EL Consejo de Seguridad de laONUsigue sin ponerse de acuerdo sobre cómo condenar al régimen sirio por la represión de la revuelta popular que ya se ha cobrado más de cuatrocientas vidas, según diversas organizaciones humanitarias. Estados Unidos y los cuatro países europeos miembros del Consejo de Seguridad (Reino Unido, Francia, Alemania y Portugal) negocian desde hace días un proyecto, pero aún no hay resultados.
Las diplomacias europeas han aumentado su presión sobre Damasco. En una acción coordinada, Francia, Gran Bretaña, Alemania y España han pedido a sus embajadores en Damasco que trasladen su condena por la violencia gubernamental contra la población pero, de momento, la oposición de Rusia y China a una resolución que condene al régimen permite respirar tranquilo al presidente Bashar el Asad. Y este estancamiento diplomático hace que resulte inevitable establecer una comparación con lo sucedido en Libia, donde la represión del régimen del coronel Muamar el Gadafi ha desembocado en una intervención internacional para evitar la violencia contra la población civil.

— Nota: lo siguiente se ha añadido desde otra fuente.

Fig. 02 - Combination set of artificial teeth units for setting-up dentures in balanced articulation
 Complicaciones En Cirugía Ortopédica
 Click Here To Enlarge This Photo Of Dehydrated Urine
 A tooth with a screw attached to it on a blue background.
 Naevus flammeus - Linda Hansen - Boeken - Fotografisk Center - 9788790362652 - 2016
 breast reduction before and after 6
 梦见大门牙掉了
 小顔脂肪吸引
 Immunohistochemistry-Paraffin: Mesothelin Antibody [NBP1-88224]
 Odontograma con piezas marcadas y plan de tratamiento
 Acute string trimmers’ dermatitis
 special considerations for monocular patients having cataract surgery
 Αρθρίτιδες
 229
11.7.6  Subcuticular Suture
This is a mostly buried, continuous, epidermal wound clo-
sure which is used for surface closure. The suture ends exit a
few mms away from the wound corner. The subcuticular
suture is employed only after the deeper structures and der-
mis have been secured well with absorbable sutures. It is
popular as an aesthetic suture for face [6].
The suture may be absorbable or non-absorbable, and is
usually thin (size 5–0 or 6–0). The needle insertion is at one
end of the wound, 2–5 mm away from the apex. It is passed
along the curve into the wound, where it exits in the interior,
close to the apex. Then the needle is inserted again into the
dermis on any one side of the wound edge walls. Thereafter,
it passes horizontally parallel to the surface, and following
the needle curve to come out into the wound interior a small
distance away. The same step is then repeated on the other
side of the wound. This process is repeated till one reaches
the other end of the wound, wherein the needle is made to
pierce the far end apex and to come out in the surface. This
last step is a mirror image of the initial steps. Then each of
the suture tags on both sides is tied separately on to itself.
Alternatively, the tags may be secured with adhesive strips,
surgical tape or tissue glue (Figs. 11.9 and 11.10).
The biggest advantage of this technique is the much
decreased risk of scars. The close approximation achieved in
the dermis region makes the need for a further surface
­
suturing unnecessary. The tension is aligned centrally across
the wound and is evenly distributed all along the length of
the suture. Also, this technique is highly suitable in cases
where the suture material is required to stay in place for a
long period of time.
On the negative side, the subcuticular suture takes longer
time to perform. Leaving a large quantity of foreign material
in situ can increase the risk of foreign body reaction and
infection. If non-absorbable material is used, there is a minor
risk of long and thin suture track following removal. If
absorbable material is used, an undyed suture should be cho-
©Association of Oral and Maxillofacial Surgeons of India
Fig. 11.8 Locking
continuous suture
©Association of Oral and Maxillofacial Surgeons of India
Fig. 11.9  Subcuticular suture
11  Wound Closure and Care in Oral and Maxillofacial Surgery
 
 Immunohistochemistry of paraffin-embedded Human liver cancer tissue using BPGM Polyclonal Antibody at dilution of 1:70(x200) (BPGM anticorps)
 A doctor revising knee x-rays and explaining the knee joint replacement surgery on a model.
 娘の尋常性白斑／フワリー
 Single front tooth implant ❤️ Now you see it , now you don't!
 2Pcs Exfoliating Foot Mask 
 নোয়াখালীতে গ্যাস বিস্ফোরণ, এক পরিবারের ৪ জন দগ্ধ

La inacción del Consejo de Seguridad tiene una explicación inmediata: la oposición de China y Rusia, siempre temerosas de que una condena de la represión gubernamental sea utilizada algún día contra ellas. Tanto Rusia, que tiene el techo de cristal en Chechenia, como China, donde periódicamente hace frente a protestas populares en sus regiones de Tíbet y Xinjiang, se oponen a castigar a Damasco pensando en sus propios problemas.
Pero la actitud de China y Rusia no lo explica todo. También es significativo que ningún miembro del Consejo de Seguridad haya expresado, al menos hasta ahora, el deseo de que se produzca un cambio de régimen en Siria. Es decir, a diferencia de lo sucedido en Libia, la presión diplomática se limita a las formas, no al fondo. Y la razón de que esto sea así es explicable. En términos generales, se considera que la caída del régimen baasista de Siria, a diferencia del de Gadafi, amenazaría con desestabilizar Oriente Medio.
Siria es un país clave en la madeja de alianzas que se tejió hace tres décadas en la región: primero, en 1978, con la paz entre Israel y Egipto, que entonces abandonó a Siria; después, con la caída del sha de Irán en 1979, que acercó Teherán a Damasco, y finalmente con la invasión israelí de Líbano en 1982, que hizo del movimiento islamista Hizbulah un aliado de Irán. Ahora, si el régimen sirio cayera, el tablero cambiaría.
Washington ha pedido al régimen sirio que ponga fin a la represión, pero la influencia estadounidense en Siria no es la misma que en Túnez y Egipto, donde fue decisiva en la caída de los presidentes Ben Ali y Mubarak. Y en Israel se guarda silencio. Aunque Siria sea su archienemigo, Israel tampoco parece estar por la labor de un cambio de régimen en el país amigo de sus peores enemigos (Irán, Hizbulah y Hamas), lo que podría terminar beneficiando a los movimientos islamistas.